As far as gigs go, no, I don't play for Bruno Mars, but do you? I in no way intend to bash anyone commenting on this thread, but I feel most of you probably play similar gigs to what I do. I get paid (and I'm on scholarships) to play for Georgia State's marching band and basketball band, I get paid to play and fill in at various churches, I get paid to appear and play at various events, and although I don't do it as much anymore due to time constraints because of YouTube/GSU, I used to get paid to play with quite a few bands in the Atlanta area and still get asked to fill in all the time. Not to mention, I'm 22 years old and still in school. I'm working my way towards the bigger gigs, I'm not 80 and past my chances. lol
And as far as exposure/endorsements/all that jazz goes. I wish everyone could have endorsements and you are very correct that it all boils down to exposure. No, Pearl and Zildjian don't think I'm the best drummer out there, but they both think I have enough ability to positively represent the company and they both are a fan of what I do for the drum community. No, I'm not most deserving technically speaking, but I will say you'd be hard pressed to find someone who has worked harder on his career/exposure/network etc than myself. That is one of the biggest things I try to teach the people who watch me. I don't do a lot of technical/technique based lessons, because I feel I am not the one to be speaking about that, but I do lessons discussing hard work, encouragement, going after your dreams and having the most fun you can while playing. That is what I promote.

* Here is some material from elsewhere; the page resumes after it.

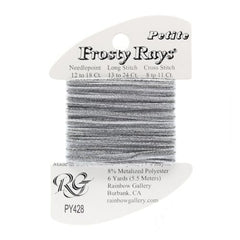 Rainbow Gallery Petite Frosty Rays - 428 Tinsel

If there is one thing I can ask of you, let it be that you positively influence the drum community and use your powers for good. You don't have to like my playing or anything, and heck you don't even have to like me if you don't, but don't go around judging people that you don't really know. Someone could be reading your responses, and be discouraged because they still have a way to go, themselves.
I appreciate you reading this, if you did.
Have a great one, work hard, jam hard, and have fun!